> **Problem requirements**
Pictures are to be skipped. Retype exactly the lines from the top of the material through the one with "For more information", and only those.

Segment Start: Dataset records

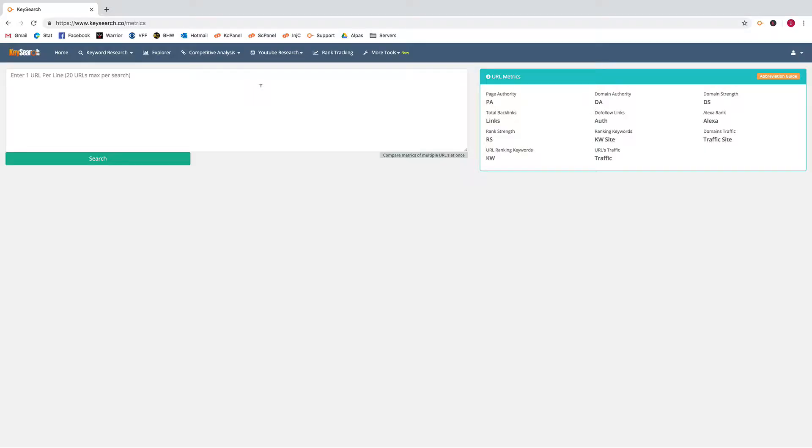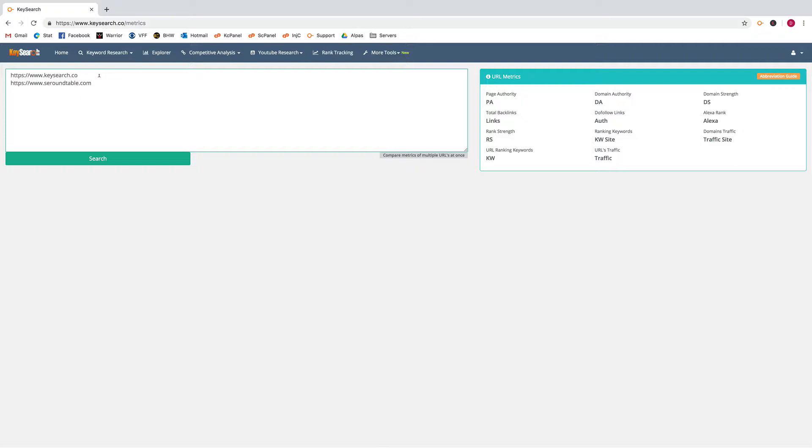Hey guys, in this video we're going to go over the URL metrics feature of Key Search. This feature is pretty straightforward. Basically you just enter a URL or a list of URLs. I'll just paste these here.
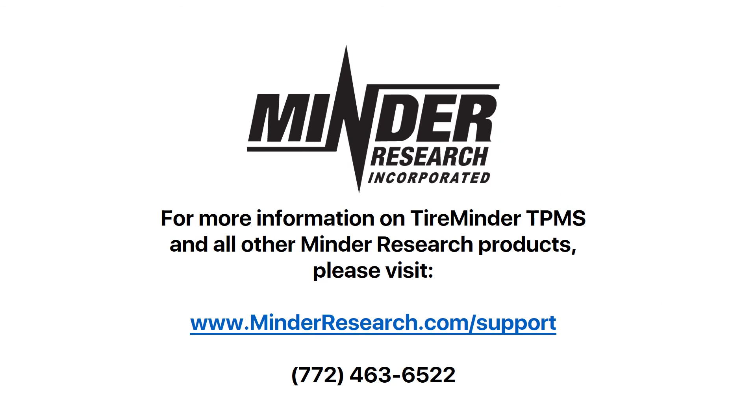For more information on TireMinder TPMS and all other Minder Research products, please visit www.minderresearch.com forward slash support. We can also be reached by phone Monday through Friday, 9am to 5pm Eastern at 772-463-6522.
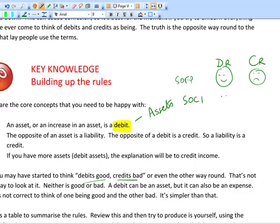In the statement of financial position, debits are good news and credits are bad news. In the statement of comprehensive income it's the other way around, because the statement of comprehensive income's function is to explain where the assets and liabilities came from or went to. If you've got an increase in an asset - debit asset - the explanation has to be a credit. If you've got an increase in an asset because of income, that's a good credit.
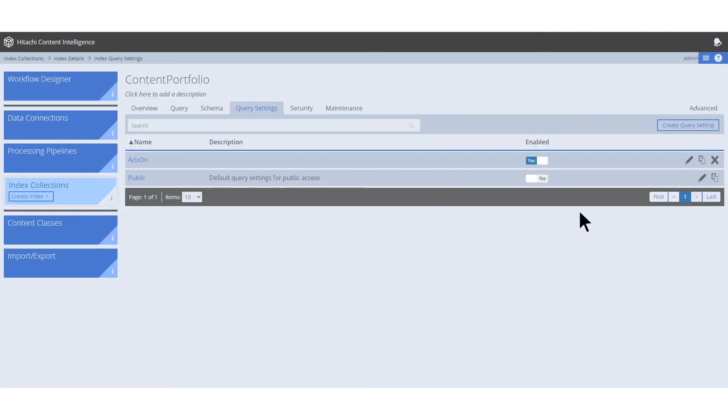When an index collection is created, a public query setting is assigned to it by default. This is where the search app receives the results that it displays.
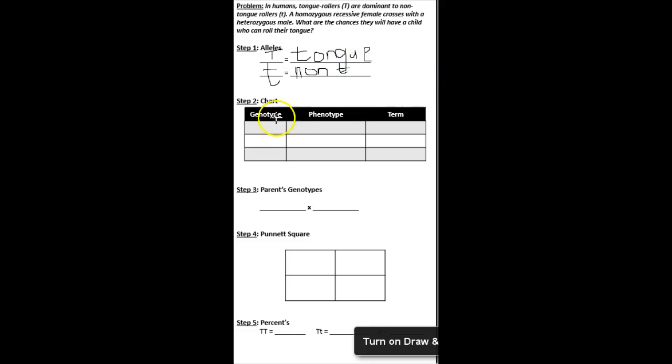All right, now we're going to make our genotypes. Big T and big T. Big T, little t. Little t and little t. Okay.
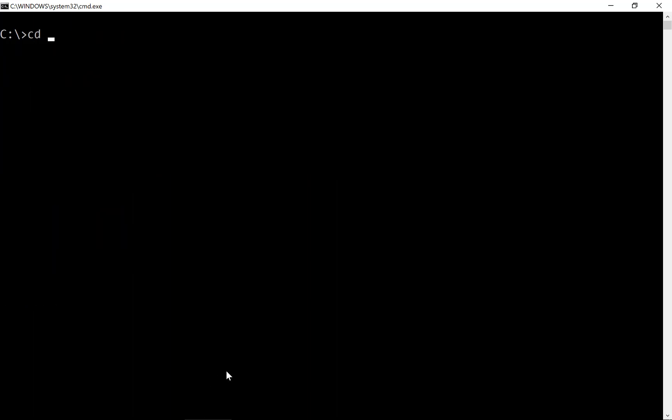In my C drive there is a folder code, so I'm just going into the code folder. Here, just create an Angular project like ng new, then the project name. Let's say I'm defining my project name as my app.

Segment End: Dataset records

> **Task response**
Hey guys, in this video we're going to go over the URL metrics feature of Key Search. This feature is pretty straightforward. Basically you just enter a URL or a list of URLs. I'll just paste these here.
For more information on TireMinder TPMS and all other Minder Research products, please visit www.minderresearch.com forward slash support. We can also be reached by phone Monday through Friday, 9am to 5pm Eastern at 772-463-6522.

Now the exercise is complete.